● Task statement:
Every entry is to be returned exactly as it stands; the pictures are to be dropped.

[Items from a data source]
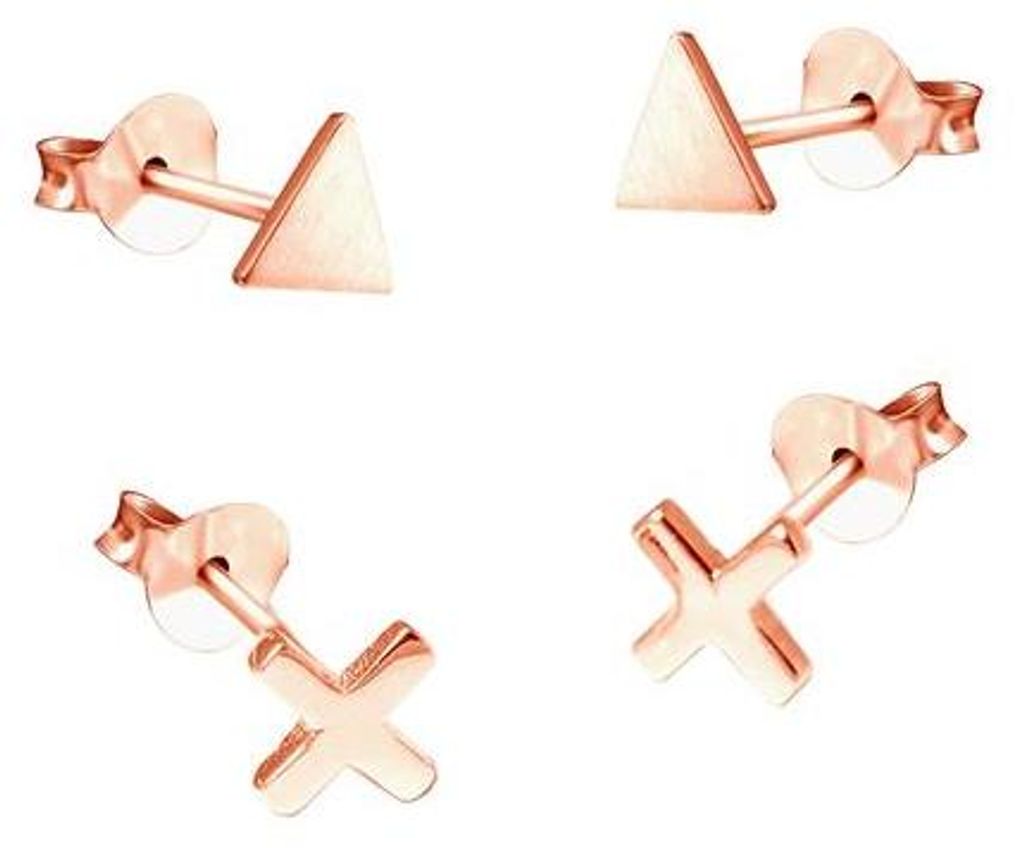 CO88 Collection Sense 8CE-70032 Stalen Oorknoppen - Kruis en Driehoek 7 mm - Roségoudkleurig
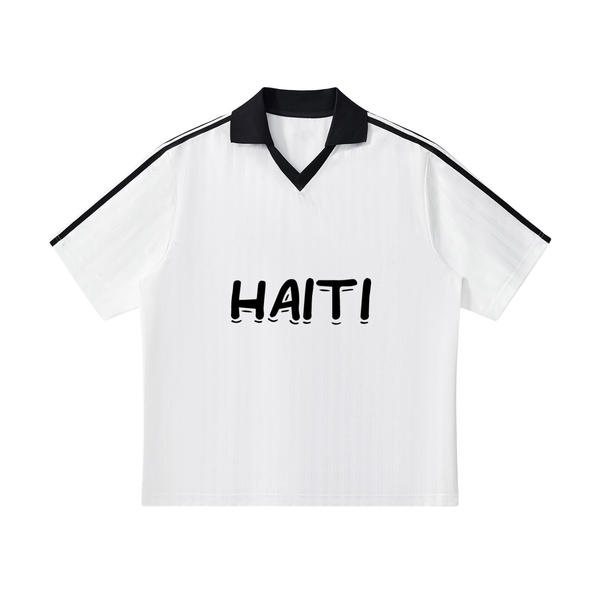 Contrast Collar Striped Soccer Jersey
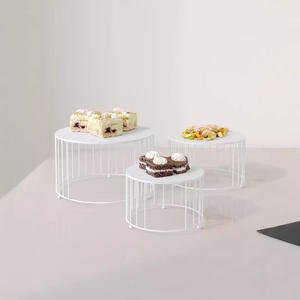 Round Gold Metal Cake Pedestal Stand Luxury Dessert Display <b>Plate</b> for Bakery Showcase Party Table <b>Decoration</b> and Catering - Product Image 6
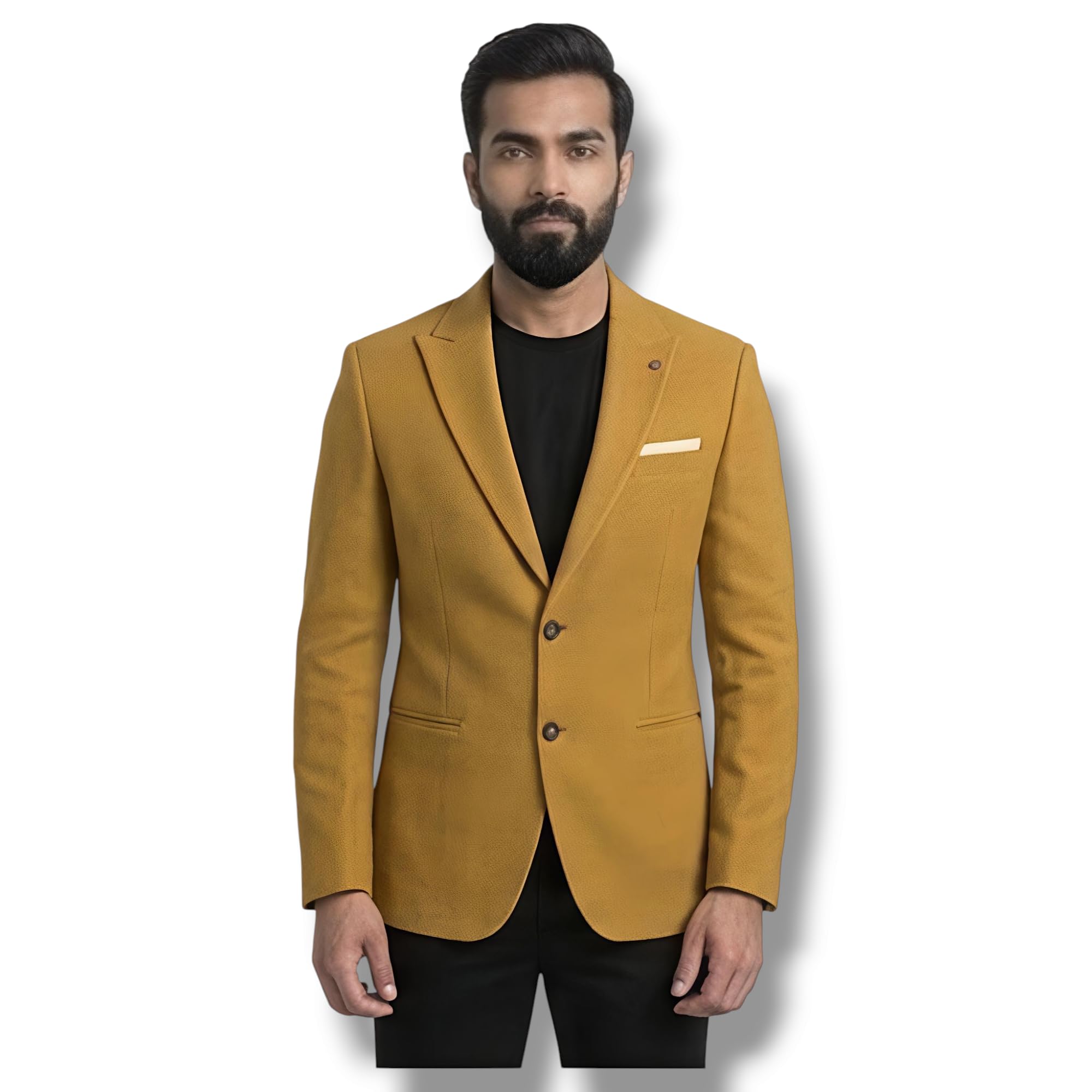 Men's Mustard Yellow Slim Fit Two-Button Blazer, Smart Casual Style-picture-30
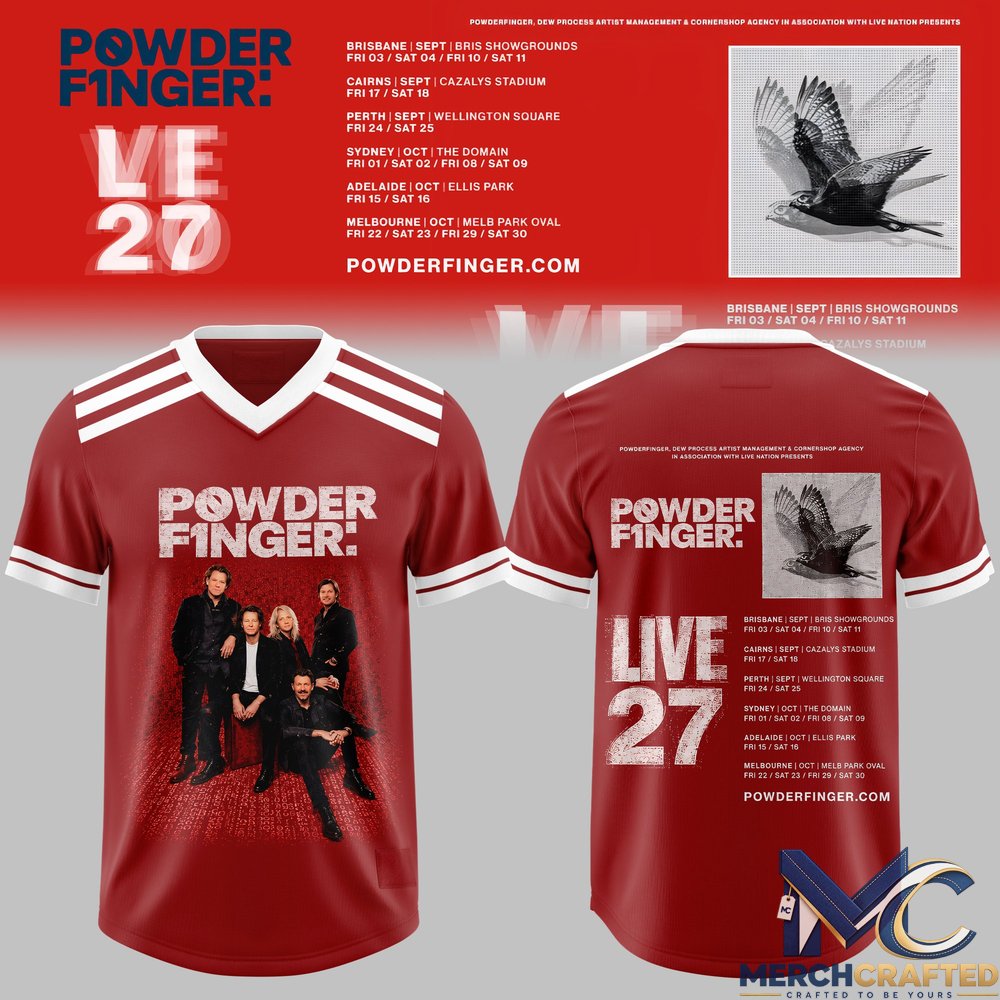 Powderfinger Live 27 Tour Football Jersey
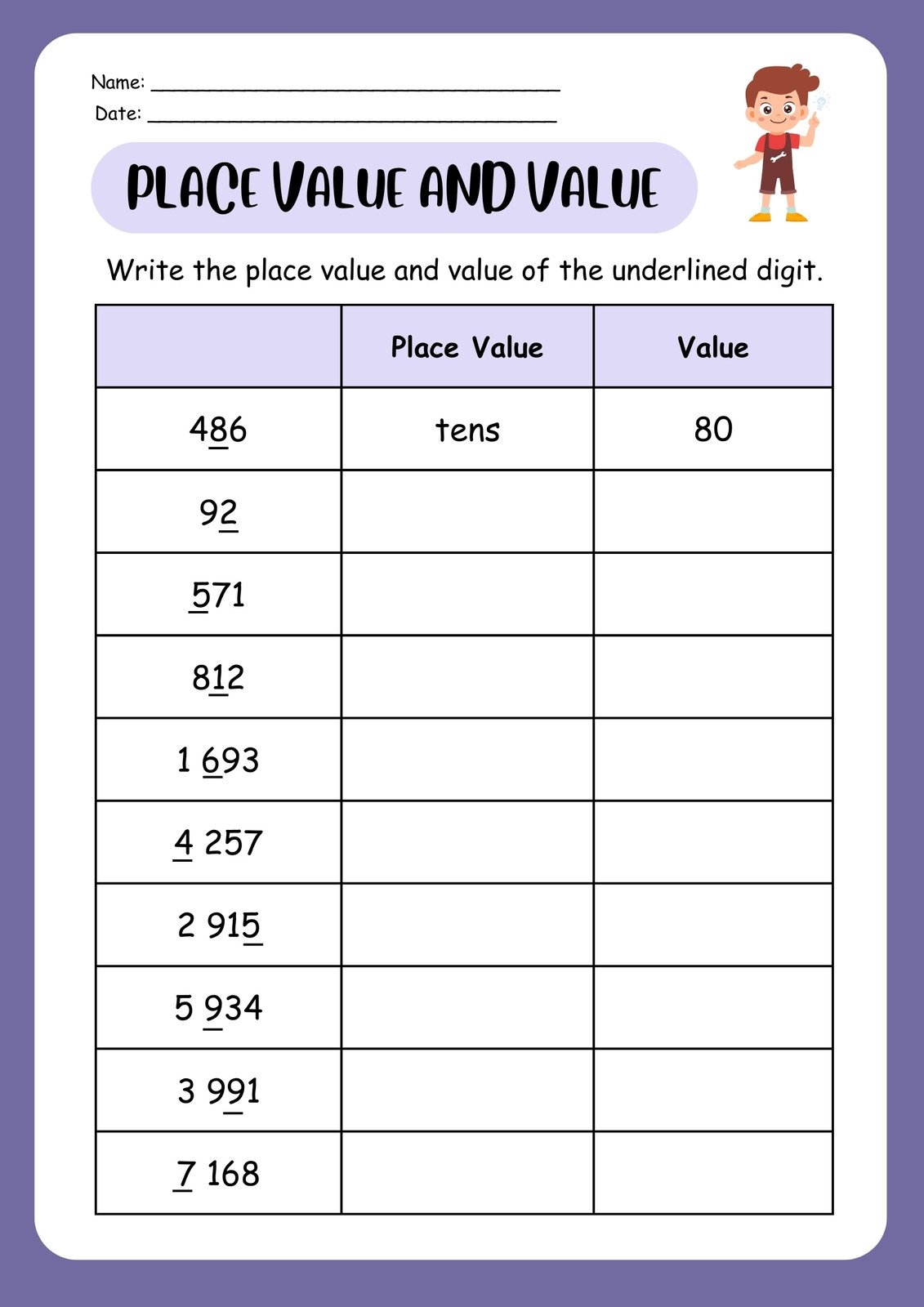 Customize 83 Place Value Worksheets Templates Online Canva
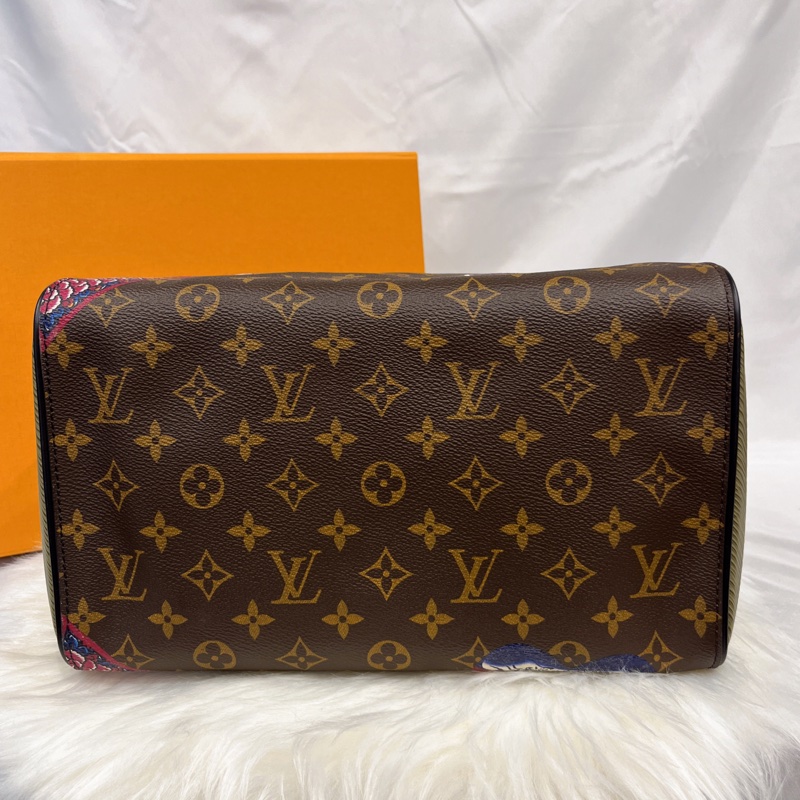 Louis Vuitton LV 限量款 山本寬齋 字紋拼EPI Speedy 30公分 波士頓包/手提包-6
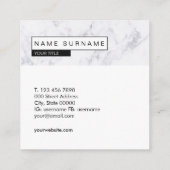 創造的な大理石の白い四角の名刺 スクエア名刺 (裏面)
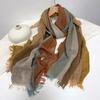 Thin Cotton And Linen Striped Scarf Literary And Versatile Soft Neck Protection Silk Scarf Women'S Travel Shawl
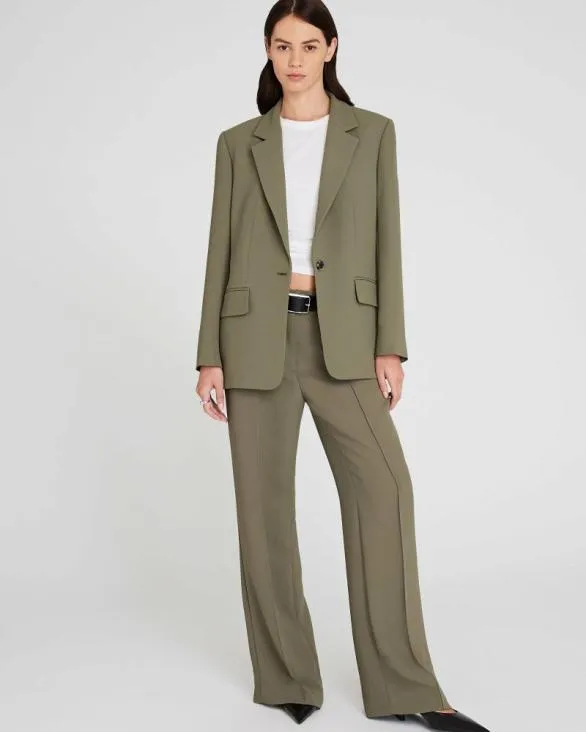Club Monaco Blazers and Suiting Relaxed SingleBreasted Crepe Blazer Olive Pit 8211 Women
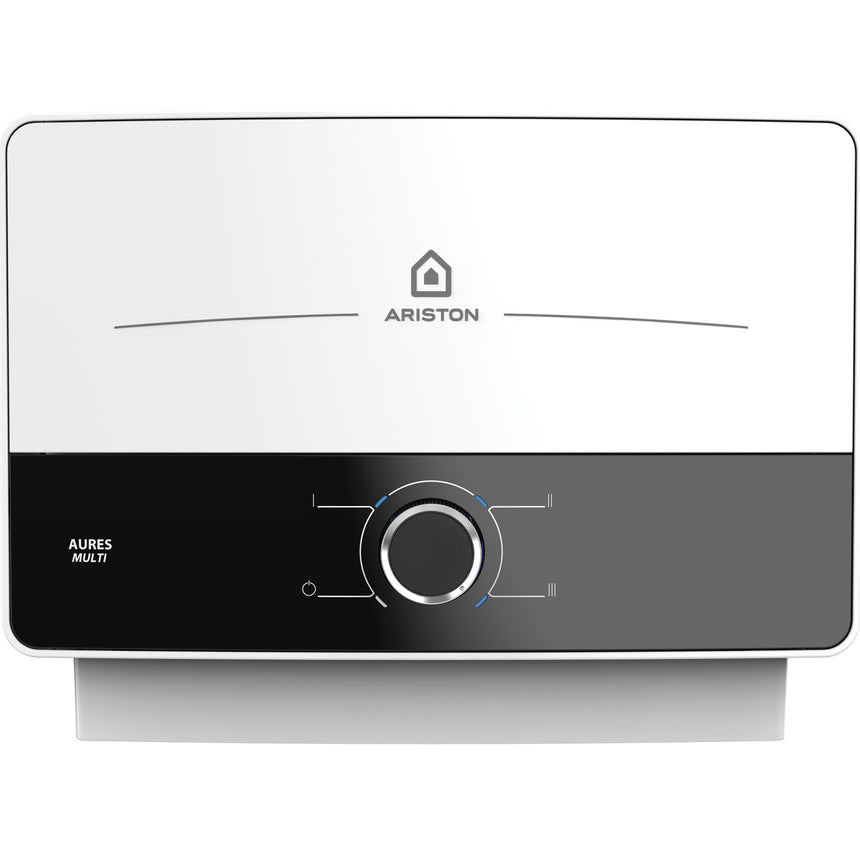 Incalzitor instant electric pentru apa Ariston AURES MULTI, Instalare multi-point, Protectie electrica IP25, Termostat cu siguranta dubla, 3 trepte putere, Senzor de debit, Supapa de siguranta externa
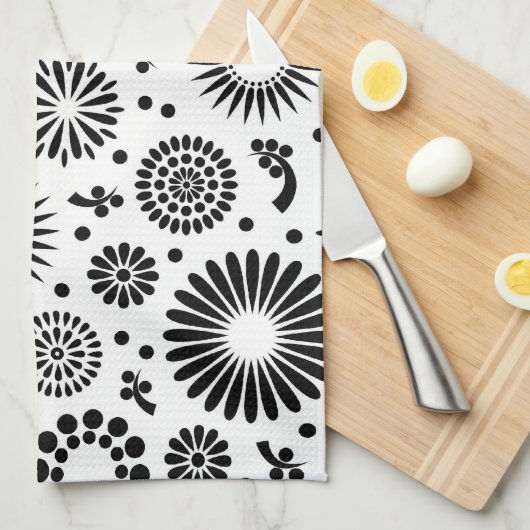 Bohoによっては白黒ベクトル花柄パターンが開花します キッチンタオル (四つ折り)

● Finished exercise:
 CO88 Collection Sense 8CE-70032 Stalen Oorknoppen - Kruis en Driehoek 7 mm - Roségoudkleurig
 Contrast Collar Striped Soccer Jersey
 Round Gold Metal Cake Pedestal Stand Luxury Dessert Display <b>Plate</b> for Bakery Showcase Party Table <b>Decoration</b> and Catering - Product Image 6
 Men's Mustard Yellow Slim Fit Two-Button Blazer, Smart Casual Style-picture-30
 Powderfinger Live 27 Tour Football Jersey
 Customize 83 Place Value Worksheets Templates Online Canva
 Louis Vuitton LV 限量款 山本寬齋 字紋拼EPI Speedy 30公分 波士頓包/手提包-6
 創造的な大理石の白い四角の名刺 スクエア名刺 (裏面)
 Thin Cotton And Linen Striped Scarf Literary And Versatile Soft Neck Protection Silk Scarf Women'S Travel Shawl
Club Monaco Blazers and Suiting Relaxed SingleBreasted Crepe Blazer Olive Pit 8211 Women
 Incalzitor instant electric pentru apa Ariston AURES MULTI, Instalare multi-point, Protectie electrica IP25, Termostat cu siguranta dubla, 3 trepte putere, Senzor de debit, Supapa de siguranta externa
 Bohoによっては白黒ベクトル花柄パターンが開花します キッチンタオル (四つ折り)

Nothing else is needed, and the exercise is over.